**DATA FOR ANALYSIS**
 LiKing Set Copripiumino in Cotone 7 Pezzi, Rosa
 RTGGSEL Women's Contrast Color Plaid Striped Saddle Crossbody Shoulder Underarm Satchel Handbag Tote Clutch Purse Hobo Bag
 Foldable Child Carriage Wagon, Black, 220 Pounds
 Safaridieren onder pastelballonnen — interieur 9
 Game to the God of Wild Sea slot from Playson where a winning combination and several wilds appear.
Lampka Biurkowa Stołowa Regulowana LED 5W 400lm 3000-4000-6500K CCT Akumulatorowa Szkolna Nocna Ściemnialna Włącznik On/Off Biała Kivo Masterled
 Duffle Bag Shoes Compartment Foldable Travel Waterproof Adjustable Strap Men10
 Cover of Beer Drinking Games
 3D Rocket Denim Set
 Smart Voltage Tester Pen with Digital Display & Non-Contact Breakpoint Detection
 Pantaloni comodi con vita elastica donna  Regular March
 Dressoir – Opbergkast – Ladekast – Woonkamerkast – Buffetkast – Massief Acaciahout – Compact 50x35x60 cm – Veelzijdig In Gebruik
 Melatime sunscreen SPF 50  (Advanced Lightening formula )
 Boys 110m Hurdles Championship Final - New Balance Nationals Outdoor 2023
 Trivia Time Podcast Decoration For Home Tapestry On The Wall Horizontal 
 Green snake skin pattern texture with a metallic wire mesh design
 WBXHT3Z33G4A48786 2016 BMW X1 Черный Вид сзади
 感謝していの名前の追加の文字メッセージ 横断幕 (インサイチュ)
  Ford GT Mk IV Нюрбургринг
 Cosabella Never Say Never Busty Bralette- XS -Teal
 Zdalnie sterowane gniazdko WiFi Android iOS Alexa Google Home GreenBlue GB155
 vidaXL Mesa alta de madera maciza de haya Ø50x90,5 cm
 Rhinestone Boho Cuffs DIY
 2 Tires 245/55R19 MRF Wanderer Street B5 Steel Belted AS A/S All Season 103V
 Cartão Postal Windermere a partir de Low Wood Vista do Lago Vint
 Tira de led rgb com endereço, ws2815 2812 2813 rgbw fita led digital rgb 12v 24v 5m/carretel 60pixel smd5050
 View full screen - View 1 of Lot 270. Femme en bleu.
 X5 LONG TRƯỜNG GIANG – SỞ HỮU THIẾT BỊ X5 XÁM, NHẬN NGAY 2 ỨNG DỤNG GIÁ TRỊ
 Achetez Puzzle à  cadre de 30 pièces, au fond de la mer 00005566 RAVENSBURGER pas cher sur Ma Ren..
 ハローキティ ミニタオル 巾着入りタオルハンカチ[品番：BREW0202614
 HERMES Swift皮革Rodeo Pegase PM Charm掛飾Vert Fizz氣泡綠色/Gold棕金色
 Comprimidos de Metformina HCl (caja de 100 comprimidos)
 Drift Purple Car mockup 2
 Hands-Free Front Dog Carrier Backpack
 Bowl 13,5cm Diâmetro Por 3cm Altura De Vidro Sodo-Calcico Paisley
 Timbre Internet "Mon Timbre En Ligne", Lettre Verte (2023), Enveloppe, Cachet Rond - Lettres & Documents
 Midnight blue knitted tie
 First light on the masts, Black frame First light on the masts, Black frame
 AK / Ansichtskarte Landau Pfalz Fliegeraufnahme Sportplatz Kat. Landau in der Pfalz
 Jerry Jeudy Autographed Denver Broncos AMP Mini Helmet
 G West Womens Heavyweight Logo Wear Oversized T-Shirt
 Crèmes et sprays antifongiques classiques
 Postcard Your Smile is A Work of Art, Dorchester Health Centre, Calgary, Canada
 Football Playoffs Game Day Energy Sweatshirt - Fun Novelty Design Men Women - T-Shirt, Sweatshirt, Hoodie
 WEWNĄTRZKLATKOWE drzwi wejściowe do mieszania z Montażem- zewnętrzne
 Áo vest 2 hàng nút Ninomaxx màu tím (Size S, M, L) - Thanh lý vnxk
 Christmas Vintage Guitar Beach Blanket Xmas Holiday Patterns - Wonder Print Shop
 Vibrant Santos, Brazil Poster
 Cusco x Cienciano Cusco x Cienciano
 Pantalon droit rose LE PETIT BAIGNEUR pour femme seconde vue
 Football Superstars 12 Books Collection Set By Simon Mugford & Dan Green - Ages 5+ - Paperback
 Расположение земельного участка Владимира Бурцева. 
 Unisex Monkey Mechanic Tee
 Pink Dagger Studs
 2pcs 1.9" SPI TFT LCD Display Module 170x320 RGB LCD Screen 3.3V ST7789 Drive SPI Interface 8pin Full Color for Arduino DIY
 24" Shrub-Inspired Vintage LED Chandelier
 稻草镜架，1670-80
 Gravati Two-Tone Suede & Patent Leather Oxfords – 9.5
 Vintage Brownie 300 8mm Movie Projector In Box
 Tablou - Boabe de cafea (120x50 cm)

**GOAL OF THE EXERCISE**
Please reproduce exactly the lines from the first one of the records above through the line containing "Safaridieren onder pastelballonnen", both included, and nothing else.

**SOLUTION TO THE PROBLEM**
 LiKing Set Copripiumino in Cotone 7 Pezzi, Rosa
 RTGGSEL Women's Contrast Color Plaid Striped Saddle Crossbody Shoulder Underarm Satchel Handbag Tote Clutch Purse Hobo Bag
 Foldable Child Carriage Wagon, Black, 220 Pounds
 Safaridieren onder pastelballonnen — interieur 9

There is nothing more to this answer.